Este apretado resumen, desde luego, deja de lado muchos detalles y argumentos que el lector podrá descubrir mediante su propia lectura. Queda a juicio del mismo, sin duda, cuánto de la discusión norteamericana es útil o relevante para la discusión nacional. La concepción de la libertad académica elaborada por los autores, entendida como la libertad para ejercer la profesión académica de acuerdo a los estándares de dicha profesión, parece ir más allá del contexto territorial en el cual ha sido formulada y resumir la comprensión que de dicha libertad caracteriza a las instituciones universitarias occidentales modernas. Las tensiones entre opinión pública, cultivo del conocimiento, presiones del mercado educacional, expectativas investigativas, y demandas de la docencia que estudian los autores se presentan sin duda también entre nosotros; desde luego, de acuerdo a las características propias de la institucionalidad universitaria, de su evolución en las últimas tres décadas, y de la heterogeneidad que le ha sido propia desde aquel entonces. Diferencias muy concretas nos distinguen del caso estudiado por Finkin y Post. Las universidades nacionales, a diferencia de las norteamericanas, no han desarrollado todavía una práctica estandarizada de contratación y estabilidad en el empleo como la que caracteriza a la educación superior estadounidense; nuestras universidades estatales tienen un alto grado de burocratización iusadministrativa pero, a diferencia de las norteamericanas, una total independencia de los dictados de los legisladores; y, por supuesto, los recursos destinados a la investigación y a la educación superior en general son ínfimos en comparación con el caso estadounidense, lo que sin duda afecta el impacto social de estas actividades –impacto que en el caso de Estados Unidos es global– y, por lo tanto, lo que está en juego en su regulación. Sin embargo, como he sugerido anteriormente[2], diversos factores permiten conjeturar plausiblemente que nuestro modelo universitario –particularmente en el caso de las facultades de derecho– se acerca paulatina pero sostenidamente al modelo institucional norteamericano. Las páginas de For the Common Good nos pueden ofrecer, entonces, un vistazo hacia uno de nuestros muchos posibles futuros.
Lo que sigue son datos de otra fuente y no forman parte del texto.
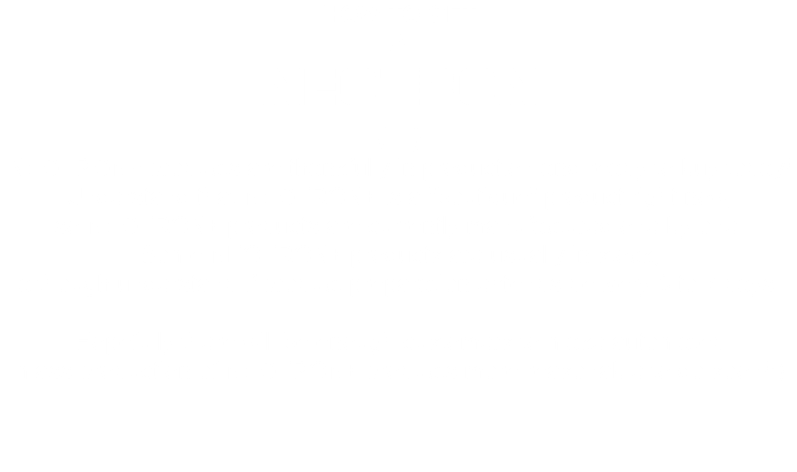 HOW TO GET A :::: NEOTRON :::: (+) NEOTRON+ products are thankfully in production and ready to buy today! Understand that NEOTRON+ is a "boutique" product right now, so NEOTRON+ products are currently manufactured one by one. Some NEOTRON+ products are usually in stock, although understand if product preparation extends delivery 3 to 7 days. Hopefully there will be enough customers to make automated mass production of NEOTRON+ products more reasonable to do soon!:) 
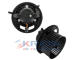 vnitřní ventilátor HOFFER K92097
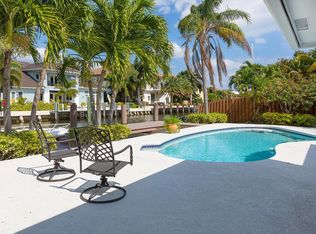 921 Cypress Dr, Delray Beach, FL 33483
Todas las citas corresponden a traducciones mías.

[1] Véase, del autor, e.g., (2009): “The Job of Professors”, Texas Law Review, vol. LXXXVIII: pp. 185-104; (2009): “Debating Disciplinarity”, Critical Inquiry, vol. XXXV: pp. 749-770; (2009): “Constitutional Restraints on the Regulations of Scientific Speech and Scientific Research”, Science and Engineering Ethics, vol. XV: pp. 431-438; (2009): “Constitutional Scholarship in the United States”, International Journal of Constitutional Law, vol. VII: pp. 416-423.

[2] Véase Muñoz L., Fernando (2011): “Langdell’s and Holmes’s Influence on the Institutional and Discursive Conditions of American Legal Scholarship”, Revista Chilena de Derecho, vol. XXXVIII: pp. 217-237.